What the task asks:
Only the lines from the beginning of the entries through the one that holds "Louis Vuitton Sologne" may appear in the answer, written out exactly and free of pictures.

Provided records:
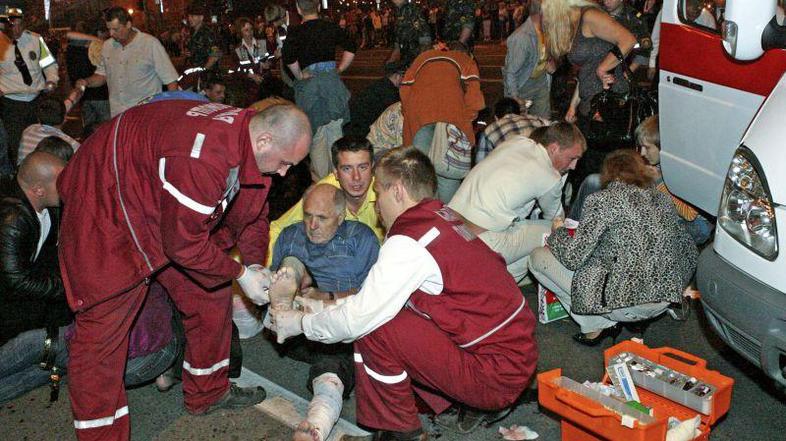 Bomba v beloruski prestolnici je ranila 50 ljudi.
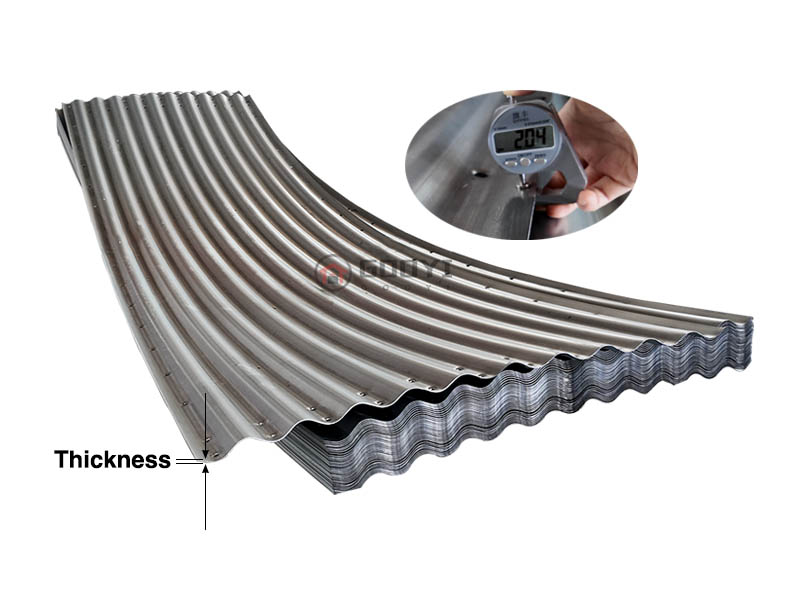 Corrugated Galvanized Steel Sheets Water Storage Tank Steel Panel Thickness
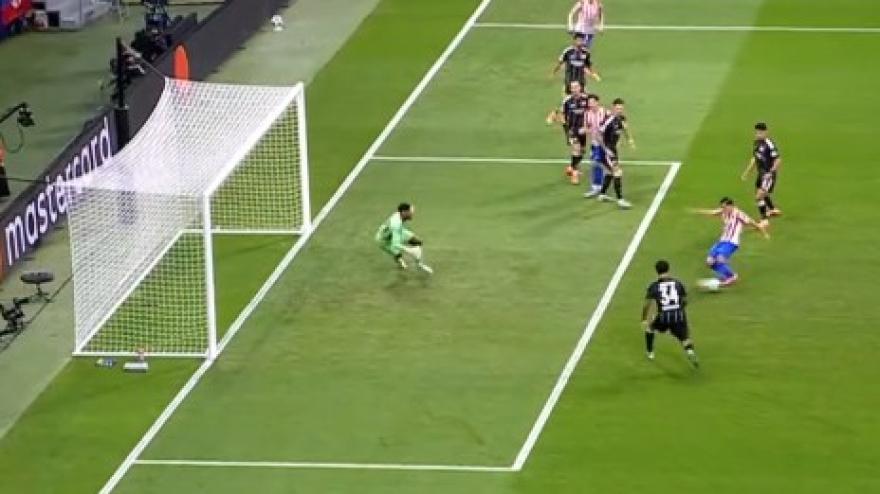 Atletico Madrid show! Gioia Raspadori e manita all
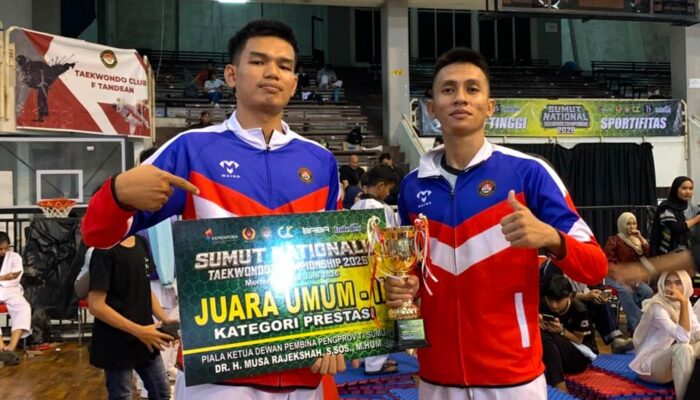 Bharada Sandi Morea Persembahkan Emas, Harumkan Nama Brimob Riau di Sumut Nasional Taekwondo Championship 2026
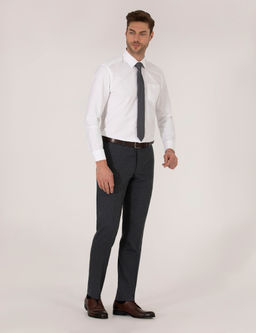 Beyaz Regular Fit Uzun Kollu Klasik G_mlek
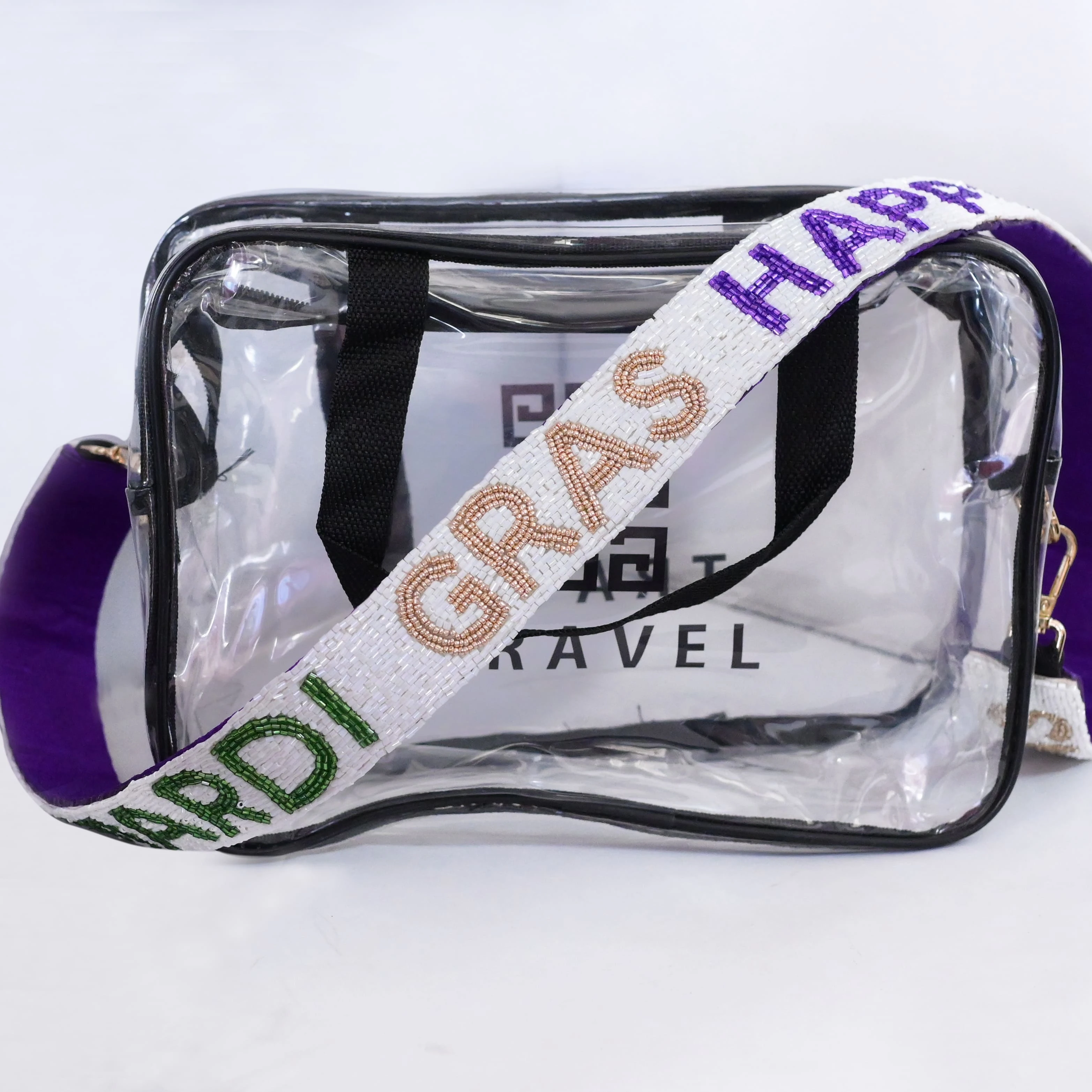 mardi gras purse strap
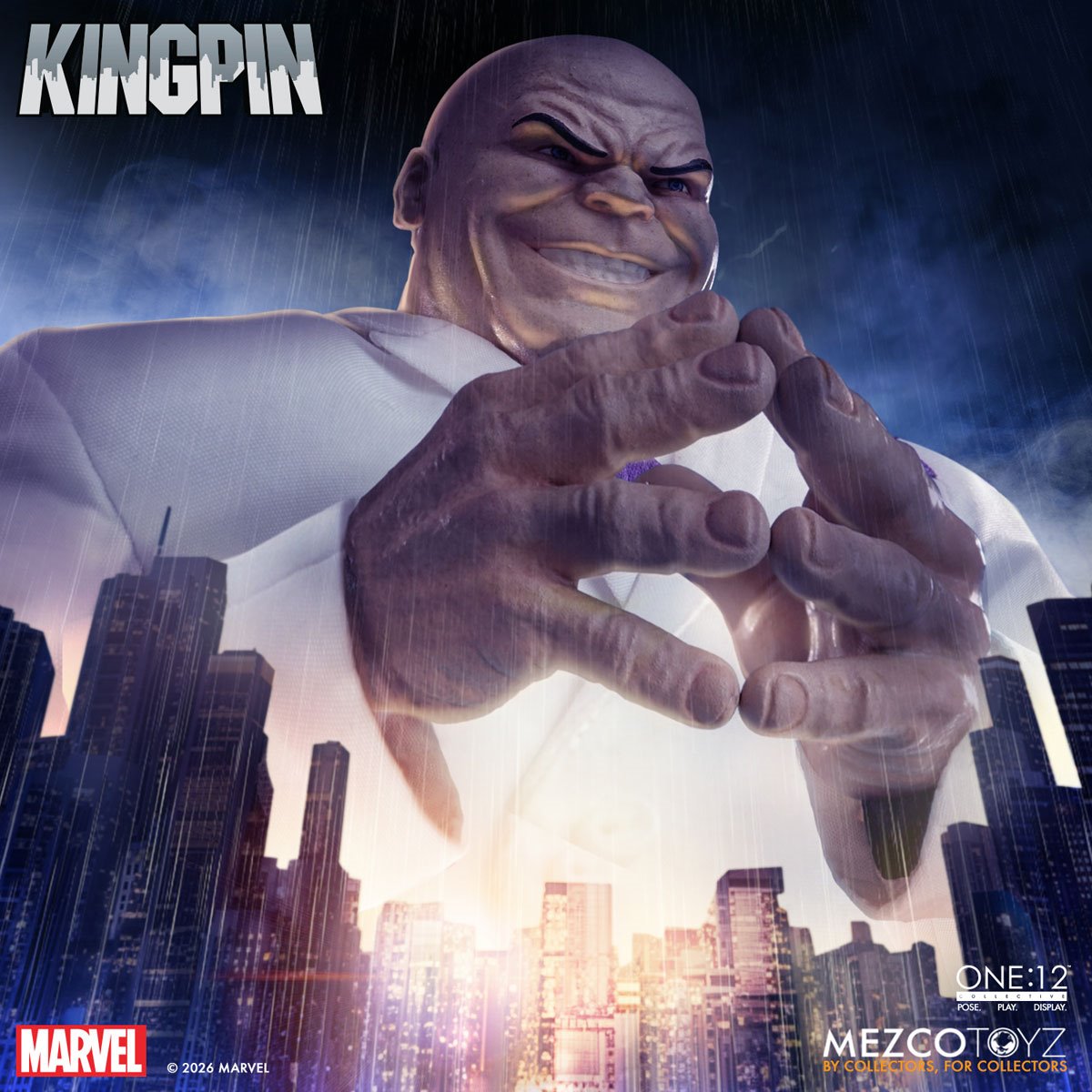 Kingpin One:12 Collective Action Figure By Mezco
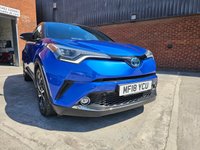 USED 2018 53 TOYOTA C-HR 1.8 VVT-h Dynamic SUV 5dr Petrol Hybrid CVT Euro 6 (s/s) (122 ps) 6 stamps, nav, camera & fresh MOT
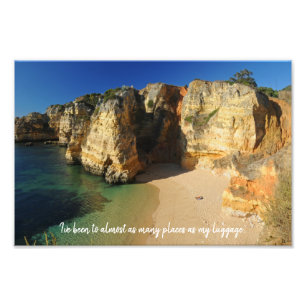 I've been to almost as many places as my luggage.. photo print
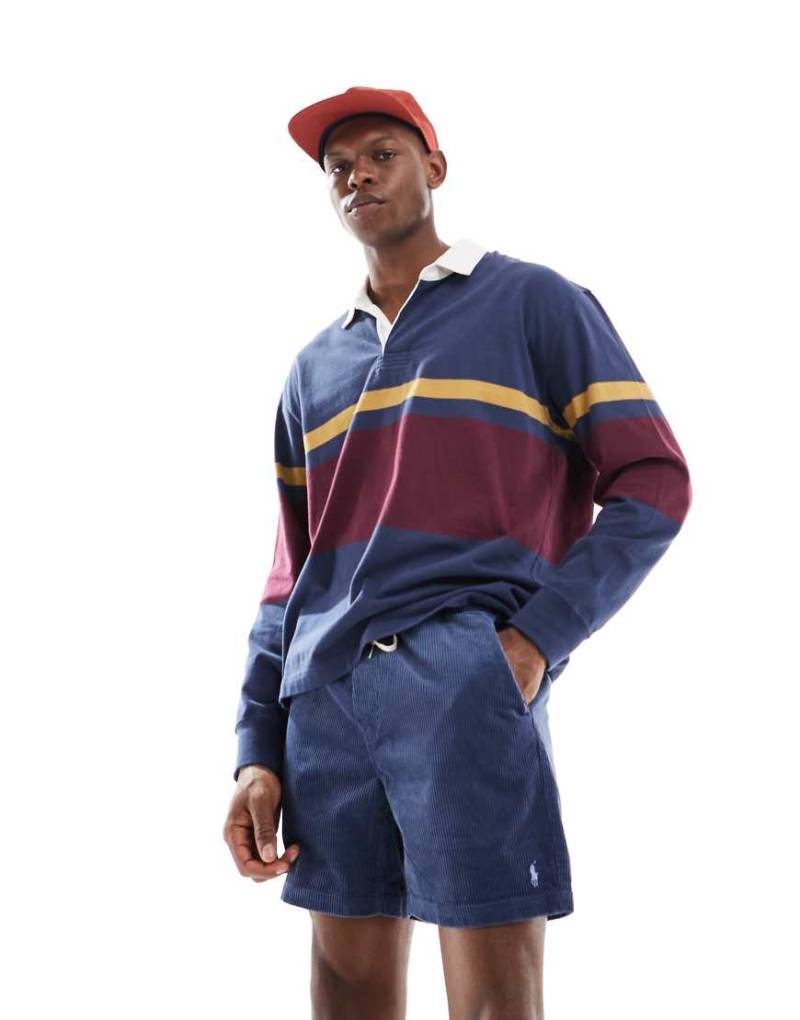 Polo Ralph Lauren - Prepster - Cord-Shorts in Marineblau mit Markenlogo Polo Ralph Lauren - Prepster - Cord-Shorts in Marineblau mit Markenlogo von Polo Ralph Lauren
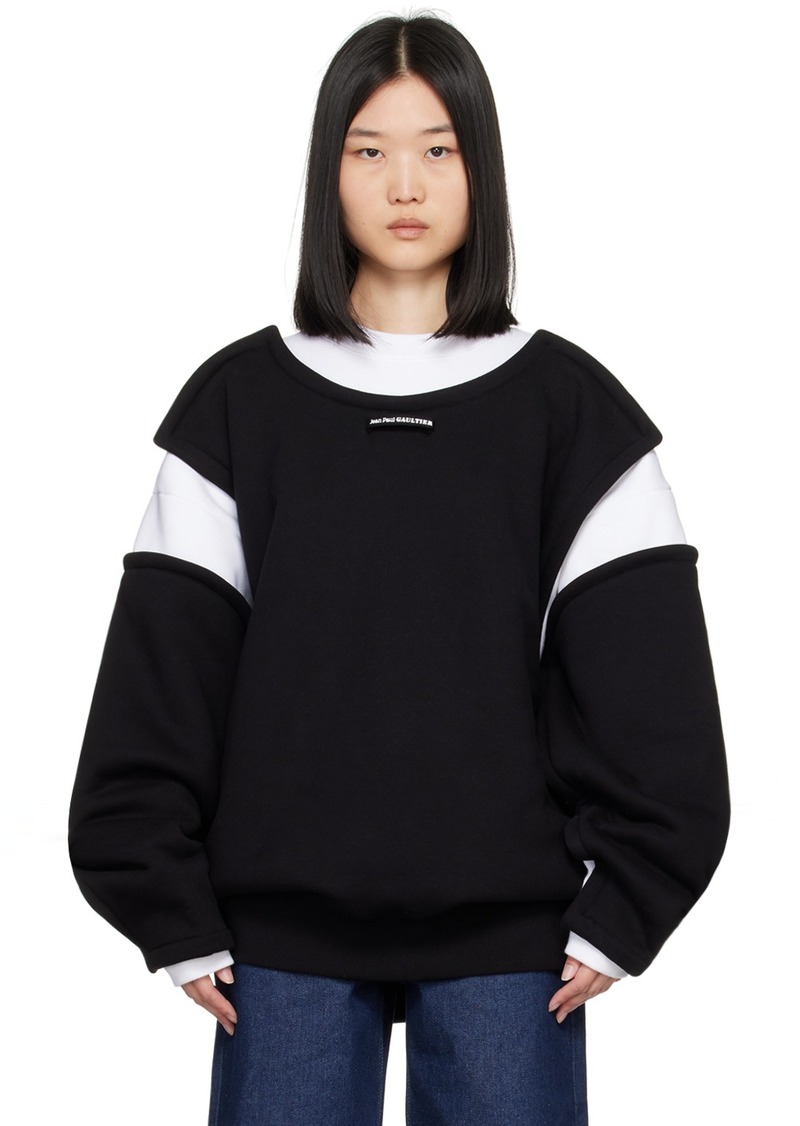 Jean Paul Gaultier Black & White 'The Petit Grand' Sweatshirt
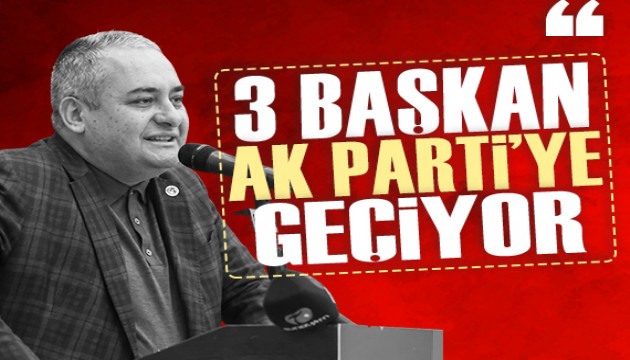 Flaş İddia: 3 belediye başkanı yarın AK Parti'ye katılacak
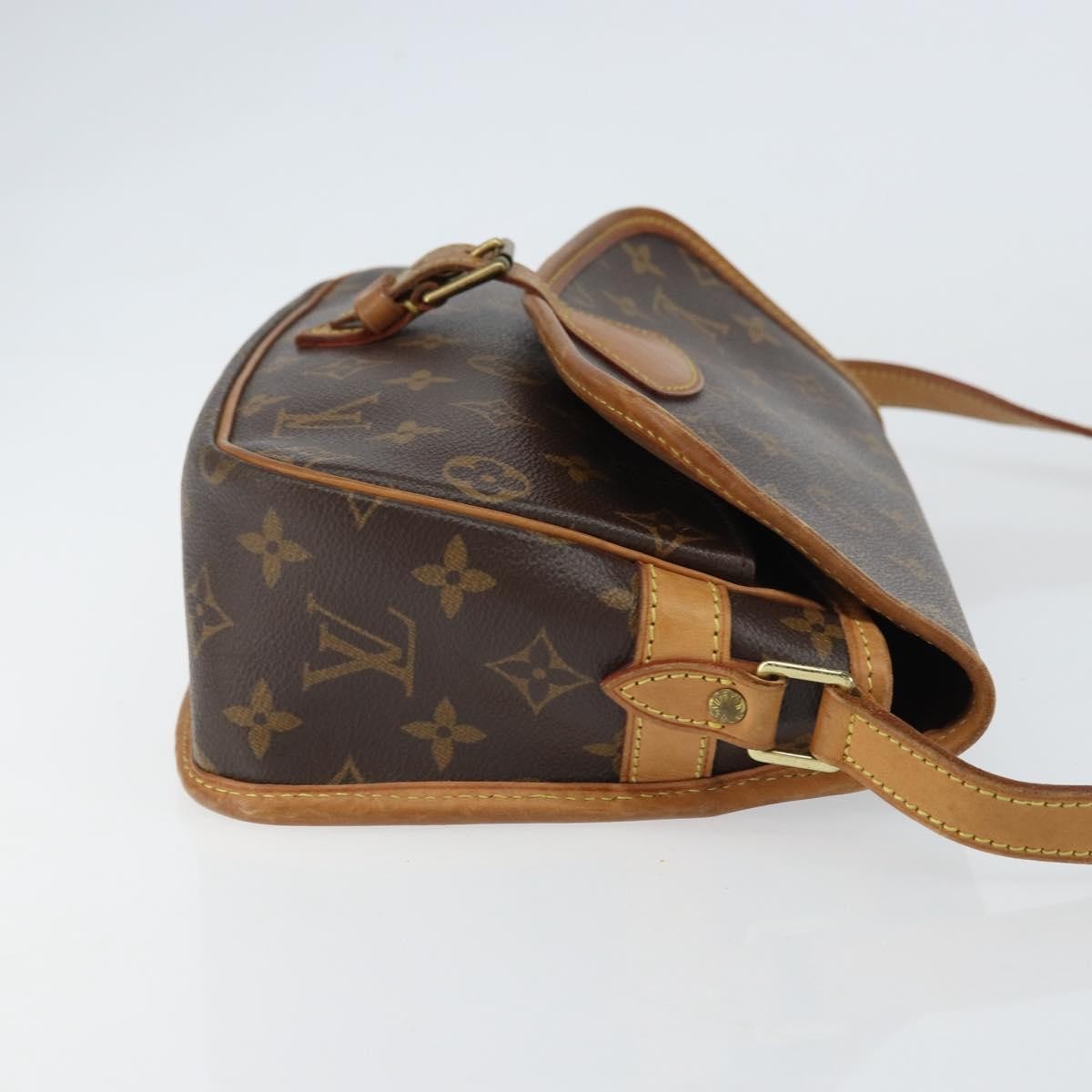 Louis Vuitton Sologne Handbag Monogram Canvas, BROWN, CANVAS, Shoulder bag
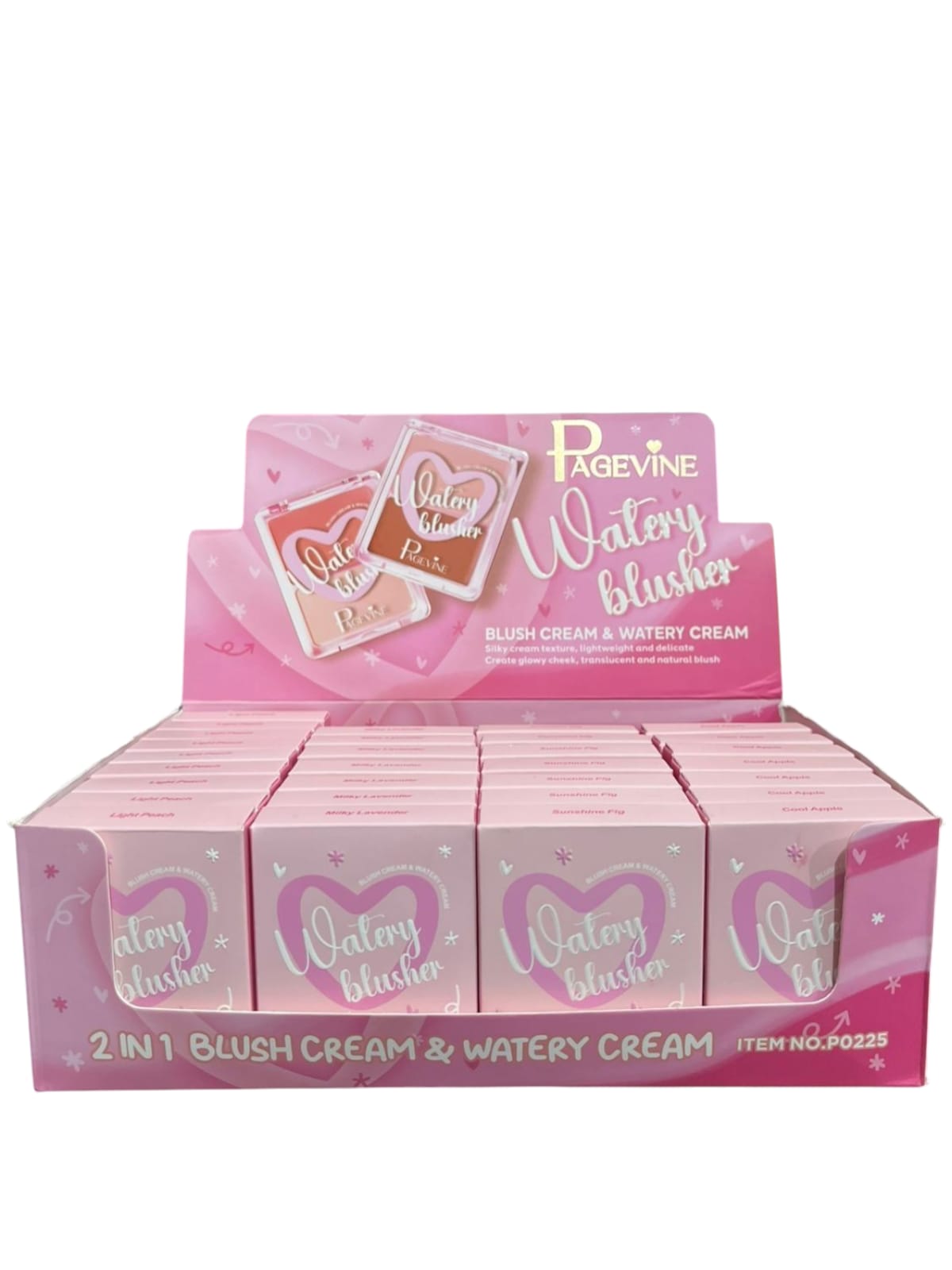 WATERY BLUSHER RUBOR EN CREMA Y GEL PAGEVINE (P0225)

Result of this exercise:
 Bomba v beloruski prestolnici je ranila 50 ljudi.
 Corrugated Galvanized Steel Sheets Water Storage Tank Steel Panel Thickness
 Atletico Madrid show! Gioia Raspadori e manita all
 Bharada Sandi Morea Persembahkan Emas, Harumkan Nama Brimob Riau di Sumut Nasional Taekwondo Championship 2026
 Beyaz Regular Fit Uzun Kollu Klasik G_mlek
 mardi gras purse strap
 Kingpin One:12 Collective Action Figure By Mezco
 USED 2018 53 TOYOTA C-HR 1.8 VVT-h Dynamic SUV 5dr Petrol Hybrid CVT Euro 6 (s/s) (122 ps) 6 stamps, nav, camera & fresh MOT
 I've been to almost as many places as my luggage.. photo print
 Polo Ralph Lauren - Prepster - Cord-Shorts in Marineblau mit Markenlogo Polo Ralph Lauren - Prepster - Cord-Shorts in Marineblau mit Markenlogo von Polo Ralph Lauren
 Jean Paul Gaultier Black & White 'The Petit Grand' Sweatshirt
 Flaş İddia: 3 belediye başkanı yarın AK Parti'ye katılacak
 Louis Vuitton Sologne Handbag Monogram Canvas, BROWN, CANVAS, Shoulder bag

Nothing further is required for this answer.